Je n' ai pas besoin de répondre; à voir ma tête il a compris. Il commente le fait avec une verte éloquence impossible à reproduire ici.

A la suite d' un savant calcul, Jean-Paul nous annonce triomphalement que nous avons atteint la cote — 504 mètres. Nous nous apprêtons à fêter cette réussite. Les petites bouteilles de cognac font leur première apparition, on se les passe et, chose curieuse, il semble qu' à cette profondeur ces flacons aient une forte tendance à se vider rapidement. J' arrive à sauver une bonne partie du mien, pensant à la montée.

8 heures... Il y en a quinze que nous sommes dans le gouffre et le plus pénible reste encore à faire. Tous les obstacles que nous avons franchis se présentent à nouveau devant nous comme une réalité. La trajet au grand complet est à refaire à la montée, avec une bonne dose de fatigue en plus. Nous sommeillons un peu sans pouvoir dormir véritablement. Brusquement quelqu'un se lève, nous tirant de nos cauchemars.

- Il faut décamper si l'on veut sortir ce soir. Péniblement nous secouons le sommeil qui nous alourdit.

La retraite - c' est vraiment le mot - s' effectue rapidement et en bon ordre. A midi nous sommes au pied des grands ressauts à —110 mètres.

Sauf Francis et moi, toute l' équipe monte jusqu' à —60 mètres afin de hisser les sacs et le matériel le long du câble. Les deux premiers chargements montent facilement, le troi- sième, plus lourd, a de la peine à passer. Un grand cri nous avertit d' un danger, nous pensons à une chute de pierres et sautons sous le couvert d' un surplomb. Au lieu de la canonnade prolongée d' un éboulement, il se produit un choc mou. Francis éclate de rire:

- Le sac d' André.

Son sourire pâlit lorsque Roger crie d' en haut:

- Vérifiez le flash.

- En morceaux! il n' a pas été prévu pour les chutes libres! rétorque Francis.

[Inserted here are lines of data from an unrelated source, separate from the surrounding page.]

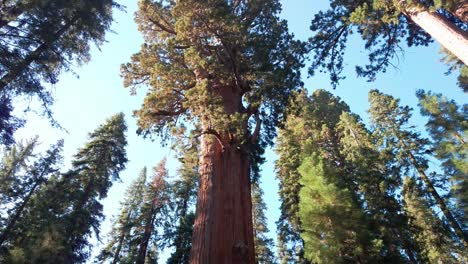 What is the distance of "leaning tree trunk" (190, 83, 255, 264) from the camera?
5.77 metres

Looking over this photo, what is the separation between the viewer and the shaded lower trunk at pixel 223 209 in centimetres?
576

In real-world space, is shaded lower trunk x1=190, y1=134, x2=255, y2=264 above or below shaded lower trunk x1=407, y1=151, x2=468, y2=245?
below

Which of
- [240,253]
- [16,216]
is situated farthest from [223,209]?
[16,216]

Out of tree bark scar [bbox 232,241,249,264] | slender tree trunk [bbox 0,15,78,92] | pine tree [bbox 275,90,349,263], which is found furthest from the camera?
pine tree [bbox 275,90,349,263]

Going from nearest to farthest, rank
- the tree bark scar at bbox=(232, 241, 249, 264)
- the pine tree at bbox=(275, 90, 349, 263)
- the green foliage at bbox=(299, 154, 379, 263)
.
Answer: the tree bark scar at bbox=(232, 241, 249, 264)
the green foliage at bbox=(299, 154, 379, 263)
the pine tree at bbox=(275, 90, 349, 263)

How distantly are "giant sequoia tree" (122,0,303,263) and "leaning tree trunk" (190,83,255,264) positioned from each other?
0.02 m

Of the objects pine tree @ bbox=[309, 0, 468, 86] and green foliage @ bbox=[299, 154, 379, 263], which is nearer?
pine tree @ bbox=[309, 0, 468, 86]

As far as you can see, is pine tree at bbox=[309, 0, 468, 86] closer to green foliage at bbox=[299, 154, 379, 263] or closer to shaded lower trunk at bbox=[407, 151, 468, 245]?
green foliage at bbox=[299, 154, 379, 263]

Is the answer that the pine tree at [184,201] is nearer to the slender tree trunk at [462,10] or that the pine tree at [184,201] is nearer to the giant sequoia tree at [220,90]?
the giant sequoia tree at [220,90]

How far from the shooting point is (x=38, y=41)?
34.2 ft

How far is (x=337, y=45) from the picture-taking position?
10727 millimetres

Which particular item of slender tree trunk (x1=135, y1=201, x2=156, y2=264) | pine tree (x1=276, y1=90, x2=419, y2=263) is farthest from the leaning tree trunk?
slender tree trunk (x1=135, y1=201, x2=156, y2=264)

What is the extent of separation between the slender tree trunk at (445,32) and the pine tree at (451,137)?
48.1 feet

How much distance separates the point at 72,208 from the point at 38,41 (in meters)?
13.8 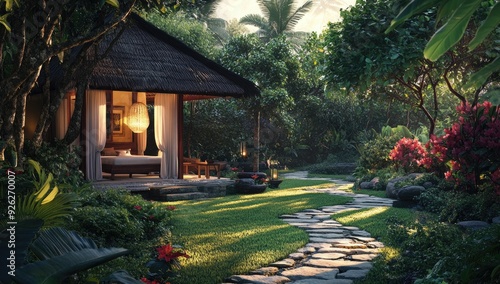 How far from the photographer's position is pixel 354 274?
5.59 metres

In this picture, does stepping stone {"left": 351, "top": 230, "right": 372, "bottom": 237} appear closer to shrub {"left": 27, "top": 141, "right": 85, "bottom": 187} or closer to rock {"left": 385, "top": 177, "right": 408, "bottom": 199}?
rock {"left": 385, "top": 177, "right": 408, "bottom": 199}

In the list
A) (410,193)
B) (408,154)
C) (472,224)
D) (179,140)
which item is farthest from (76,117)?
(408,154)

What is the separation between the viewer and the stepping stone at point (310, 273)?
5.50 m

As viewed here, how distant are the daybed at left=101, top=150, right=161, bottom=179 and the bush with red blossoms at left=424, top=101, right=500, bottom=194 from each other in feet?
23.8

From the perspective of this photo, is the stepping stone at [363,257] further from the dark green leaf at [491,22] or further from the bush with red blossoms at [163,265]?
the dark green leaf at [491,22]

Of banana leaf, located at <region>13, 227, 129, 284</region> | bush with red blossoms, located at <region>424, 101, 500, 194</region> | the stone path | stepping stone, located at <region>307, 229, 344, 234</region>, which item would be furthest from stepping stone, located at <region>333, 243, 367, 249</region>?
banana leaf, located at <region>13, 227, 129, 284</region>

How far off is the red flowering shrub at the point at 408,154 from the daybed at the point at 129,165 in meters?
6.44

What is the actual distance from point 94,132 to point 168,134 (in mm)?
1991

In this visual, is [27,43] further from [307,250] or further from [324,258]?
[324,258]

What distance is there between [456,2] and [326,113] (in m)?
22.2

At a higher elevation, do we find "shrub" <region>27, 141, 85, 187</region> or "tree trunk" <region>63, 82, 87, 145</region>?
"tree trunk" <region>63, 82, 87, 145</region>

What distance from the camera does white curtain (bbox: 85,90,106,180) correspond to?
12742 millimetres

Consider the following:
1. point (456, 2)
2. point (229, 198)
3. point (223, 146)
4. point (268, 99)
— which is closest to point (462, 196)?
point (229, 198)

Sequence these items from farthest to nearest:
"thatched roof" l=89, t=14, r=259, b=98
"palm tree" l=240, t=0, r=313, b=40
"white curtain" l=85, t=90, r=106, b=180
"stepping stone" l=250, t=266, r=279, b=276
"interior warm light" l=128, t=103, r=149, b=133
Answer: "palm tree" l=240, t=0, r=313, b=40, "interior warm light" l=128, t=103, r=149, b=133, "white curtain" l=85, t=90, r=106, b=180, "thatched roof" l=89, t=14, r=259, b=98, "stepping stone" l=250, t=266, r=279, b=276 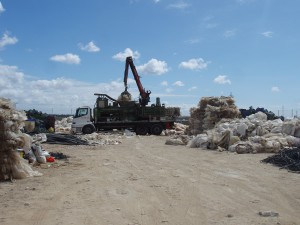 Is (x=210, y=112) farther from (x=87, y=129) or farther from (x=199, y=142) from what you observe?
(x=87, y=129)

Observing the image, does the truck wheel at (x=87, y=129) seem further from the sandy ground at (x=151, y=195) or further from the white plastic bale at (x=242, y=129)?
the sandy ground at (x=151, y=195)

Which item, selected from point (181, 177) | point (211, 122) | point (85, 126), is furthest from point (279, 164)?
point (85, 126)

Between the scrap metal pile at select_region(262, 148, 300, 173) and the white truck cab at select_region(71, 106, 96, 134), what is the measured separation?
19.4m

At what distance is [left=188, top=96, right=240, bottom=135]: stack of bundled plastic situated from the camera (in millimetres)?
25766

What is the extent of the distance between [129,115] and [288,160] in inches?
857

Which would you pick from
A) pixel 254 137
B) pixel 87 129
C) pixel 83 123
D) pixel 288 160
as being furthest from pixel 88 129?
pixel 288 160

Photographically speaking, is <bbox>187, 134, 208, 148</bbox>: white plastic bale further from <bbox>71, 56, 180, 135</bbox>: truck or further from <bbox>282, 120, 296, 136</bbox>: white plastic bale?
<bbox>71, 56, 180, 135</bbox>: truck

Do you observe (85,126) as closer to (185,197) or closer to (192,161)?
(192,161)

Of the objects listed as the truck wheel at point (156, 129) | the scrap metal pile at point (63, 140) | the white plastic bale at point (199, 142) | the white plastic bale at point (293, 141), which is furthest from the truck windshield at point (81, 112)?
the white plastic bale at point (293, 141)

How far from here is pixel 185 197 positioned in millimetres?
7711

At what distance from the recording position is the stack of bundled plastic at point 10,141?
9.25 m

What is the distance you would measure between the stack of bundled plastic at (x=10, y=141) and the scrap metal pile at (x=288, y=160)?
753 cm

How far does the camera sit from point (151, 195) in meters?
7.84

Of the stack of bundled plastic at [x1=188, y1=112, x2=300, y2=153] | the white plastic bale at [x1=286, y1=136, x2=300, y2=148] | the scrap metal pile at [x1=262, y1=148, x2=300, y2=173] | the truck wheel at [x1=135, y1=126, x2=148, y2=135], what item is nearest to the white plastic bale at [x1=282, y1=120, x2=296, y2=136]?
the stack of bundled plastic at [x1=188, y1=112, x2=300, y2=153]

Cet accident nous retardera de plusieurs heures, les ballots de matériel devant être tirés le long de la paroi. Enfin j' attache le dernier sac, le mien.

Francis, depuis bientôt une heure, est suspendu au milieu de l' échelle, décrochant les sacs, qui semblent avoir plaisir à s' agripper à la moindre aspérité. Lorsque le mien est au-dessus de sa tête, il grimpe à sa suite.

- Eh vieux, ton sac coule... Ça sent l' alcool à brûler.

- L' alcool à brûler?... ou le cognac?

- Plutôt le cognac, c' est vrai... et du bon, un peu terreux, mais enfin...

- Bois veinard, avec mes vœux pour qu' il te colle la jaunisse et toutes les maladies des ivrognes...

Les nerfs calmés par cette tirade, j' attaque à mon tour la pénible escalade de ces cinquante mètres d' échelle.

A 19 heures, après vingt-six heures d' efforts presque ininterrompus dans le Chevrier, nous atteignons l' entrée du gouffre, ou plutôt sa sortie.

Sales, éreintés, notre arrivée à Leysin n' a rien d' une rentrée triomphale. Heureusement il fait nuit noire, les braves gens ne verront ni nos équipements ni nos faces boueuses... Quant à nous, nous savourons pleinement notre aventure.